Study material
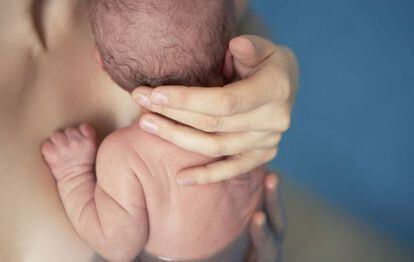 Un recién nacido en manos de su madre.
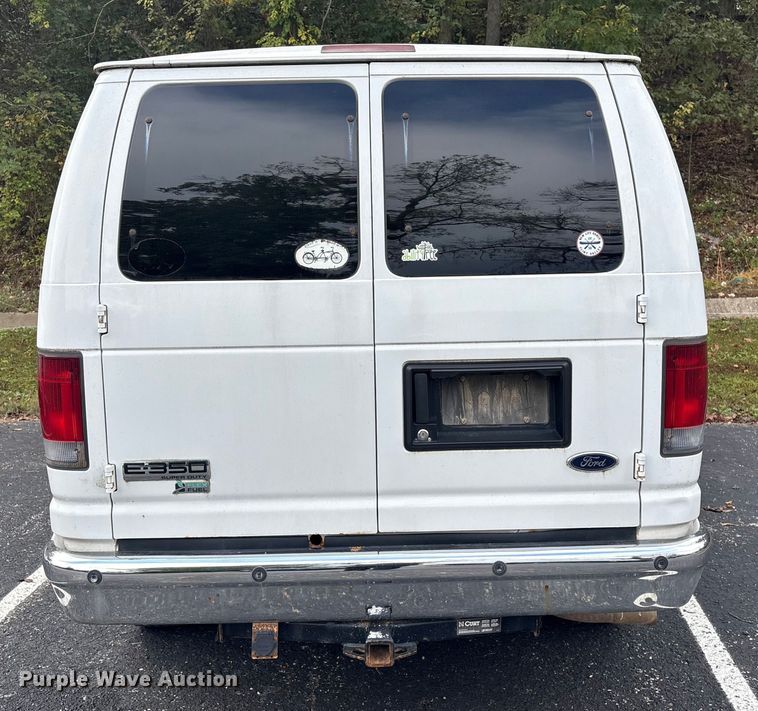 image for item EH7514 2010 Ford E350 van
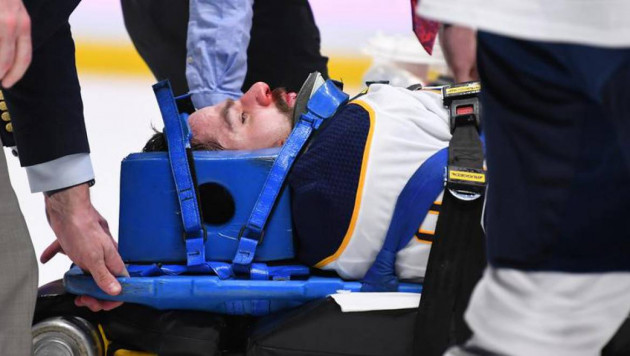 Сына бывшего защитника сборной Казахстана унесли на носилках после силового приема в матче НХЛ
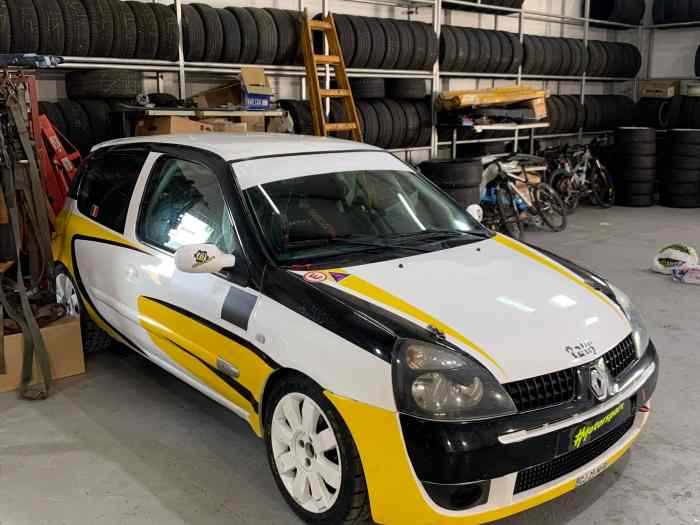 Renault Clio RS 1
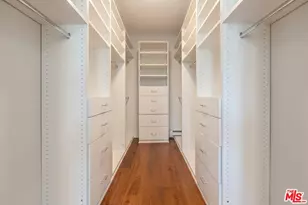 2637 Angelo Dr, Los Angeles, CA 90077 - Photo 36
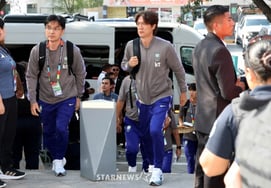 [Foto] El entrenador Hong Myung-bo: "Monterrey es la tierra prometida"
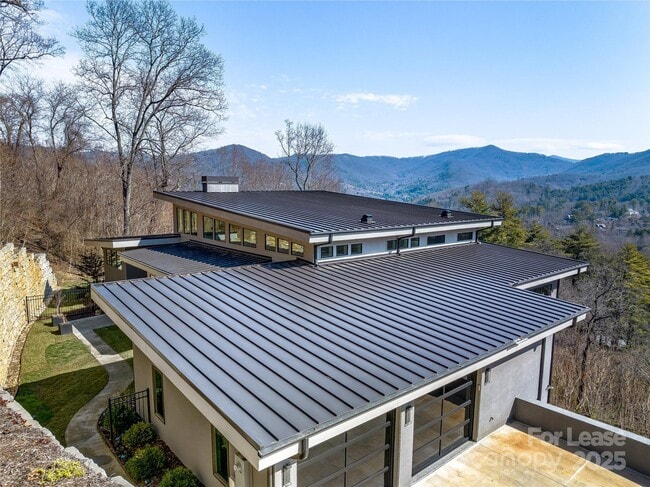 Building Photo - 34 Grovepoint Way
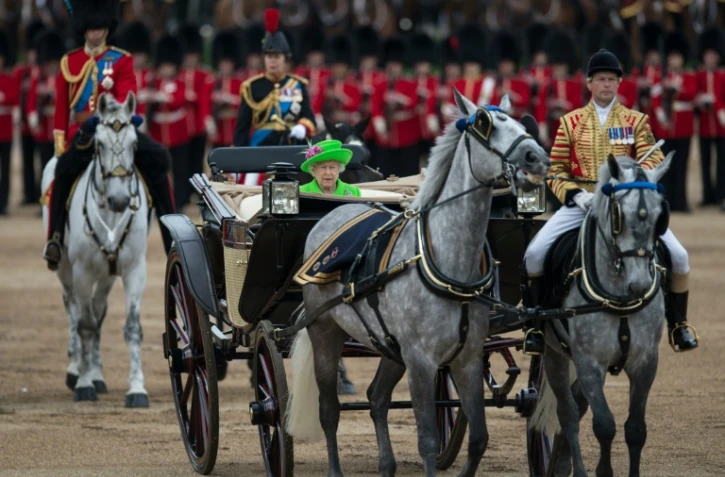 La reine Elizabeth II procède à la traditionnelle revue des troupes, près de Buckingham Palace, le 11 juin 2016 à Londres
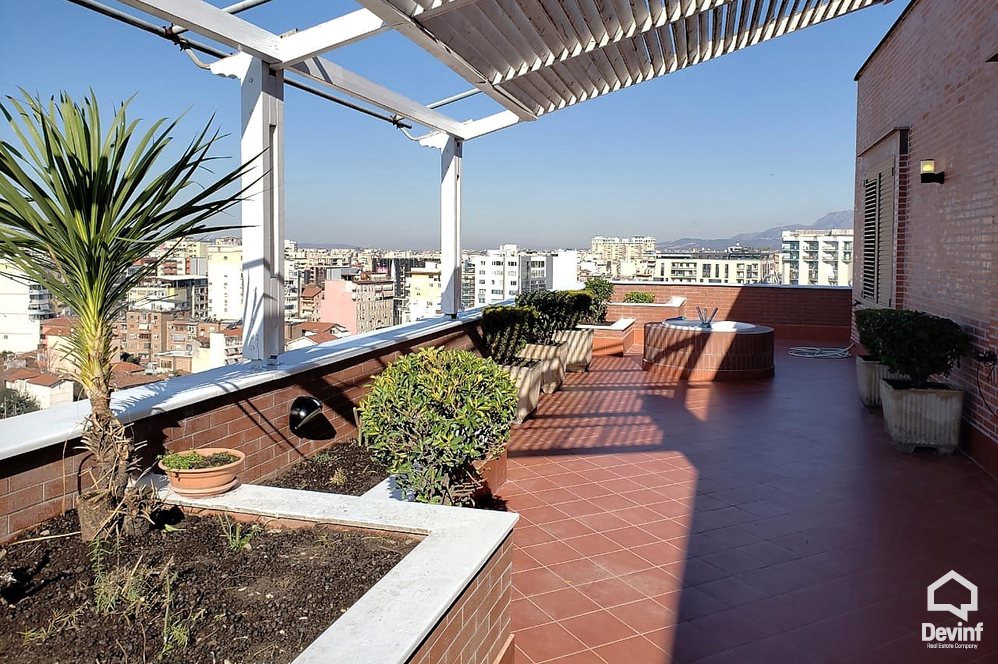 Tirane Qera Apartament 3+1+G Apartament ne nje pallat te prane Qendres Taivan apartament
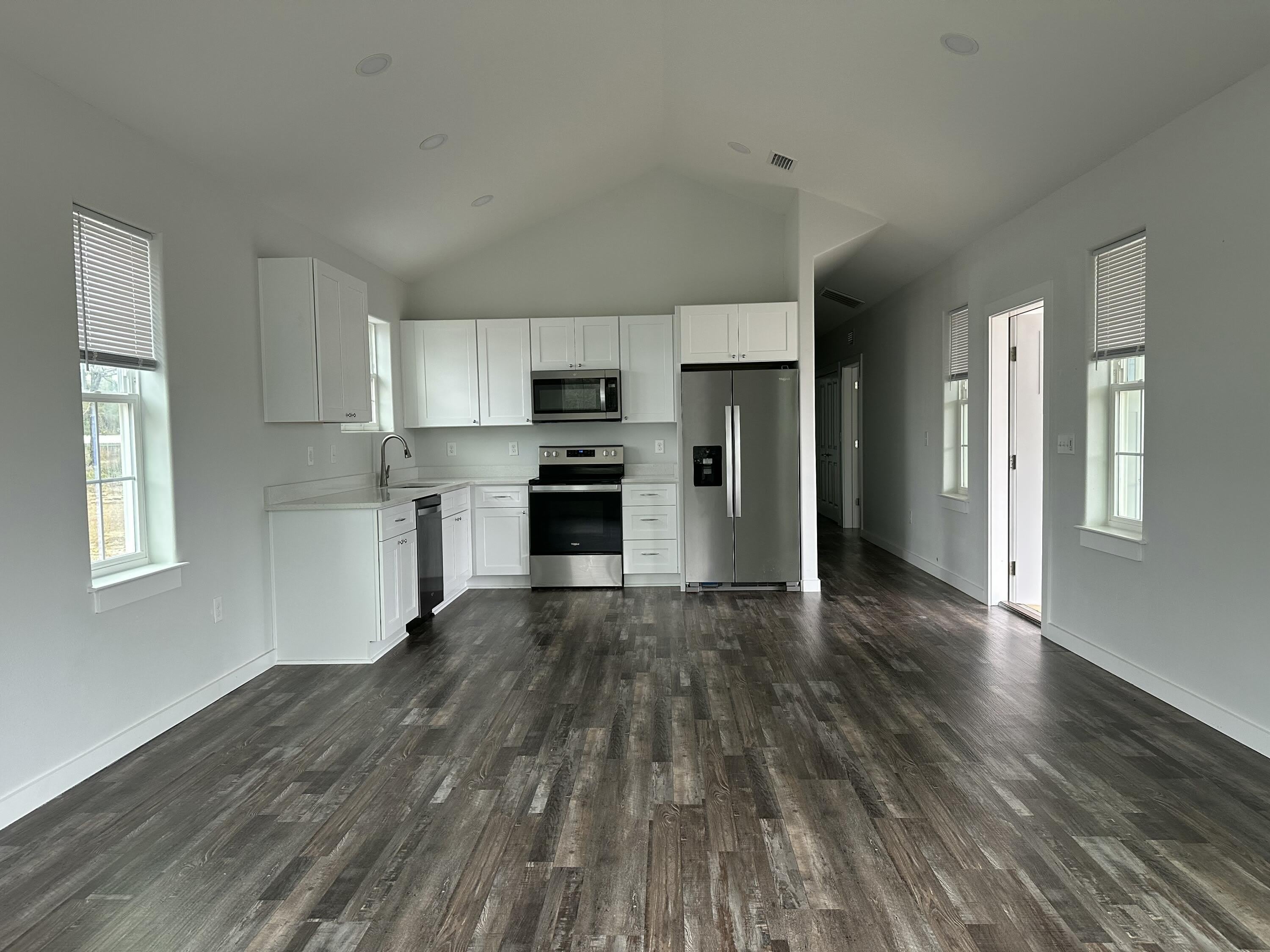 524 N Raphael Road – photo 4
...
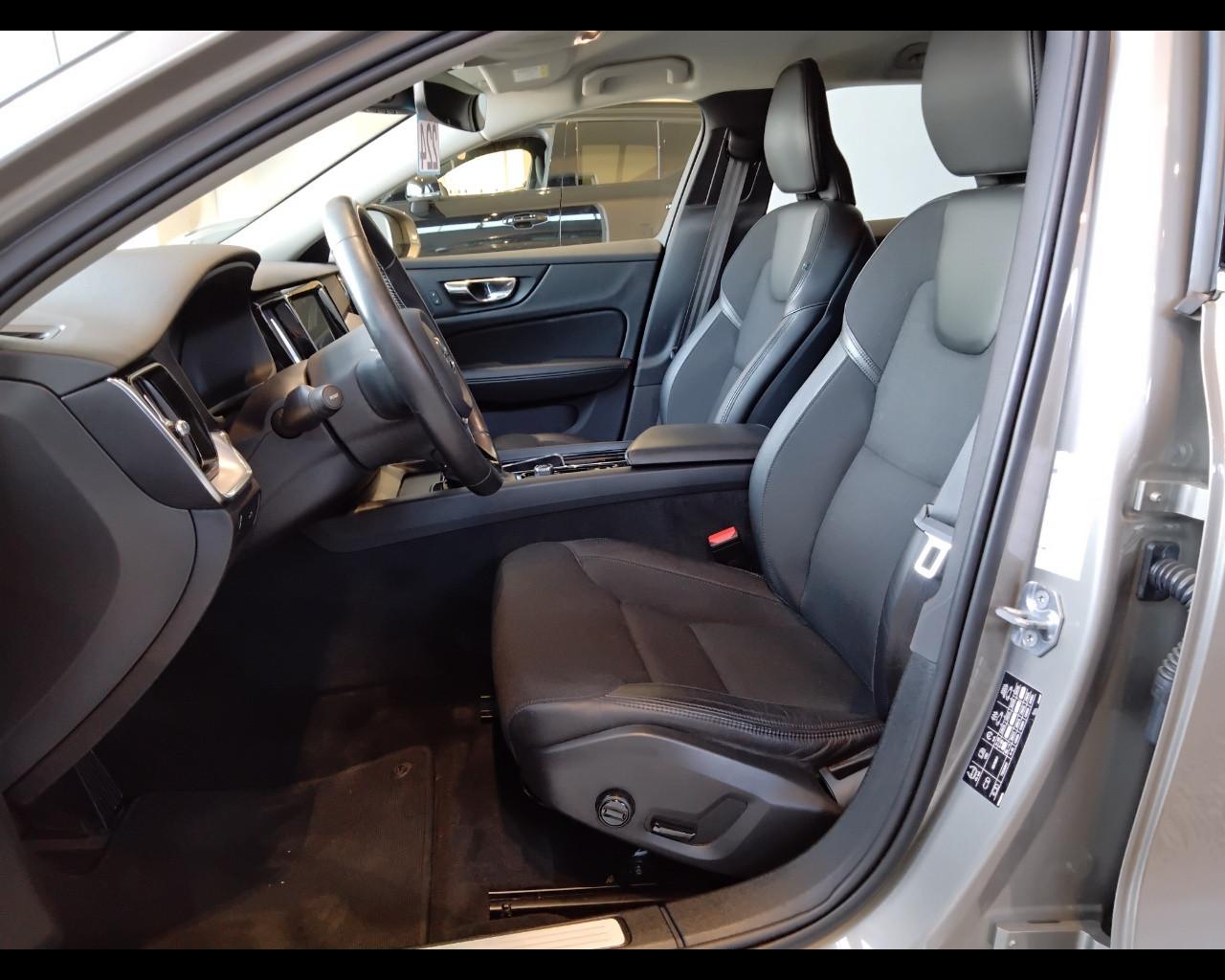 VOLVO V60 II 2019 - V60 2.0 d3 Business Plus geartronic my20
---
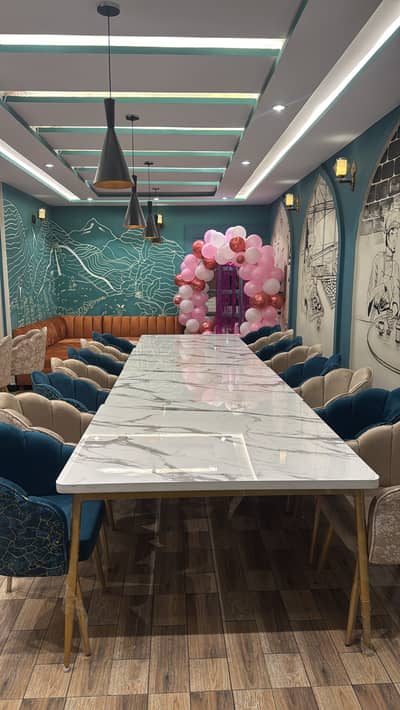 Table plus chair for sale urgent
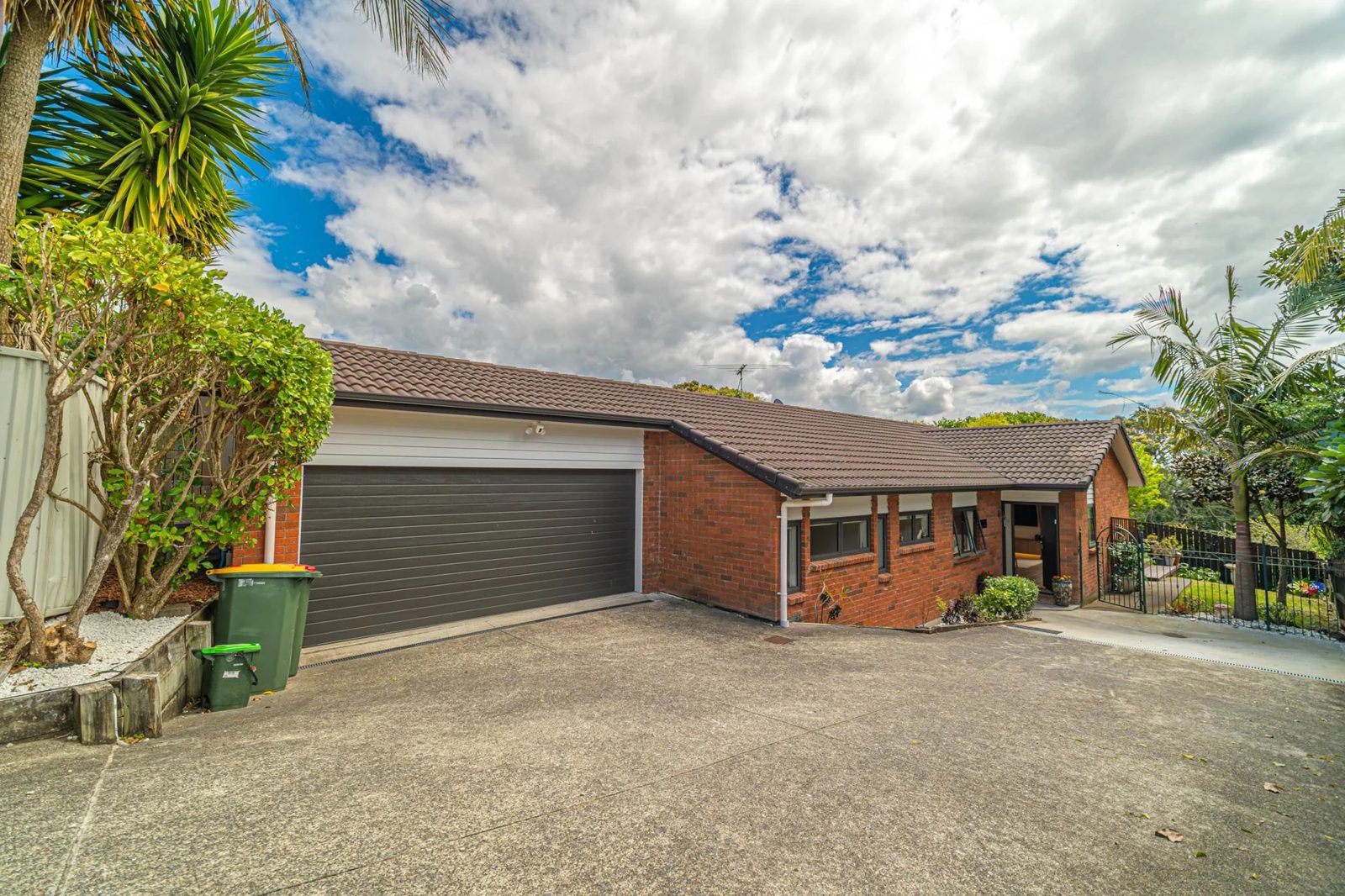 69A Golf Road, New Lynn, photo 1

Prompt
For this exercise, return exactly the lines above from the line with "La reine Elizabeth" through the line with "524 N Raphael Road – photo 4", both included. Do not copy the pictures.

Output of the task
 La reine Elizabeth II procède à la traditionnelle revue des troupes, près de Buckingham Palace, le 11 juin 2016 à Londres
 Tirane Qera Apartament 3+1+G Apartament ne nje pallat te prane Qendres Taivan apartament
 524 N Raphael Road – photo 4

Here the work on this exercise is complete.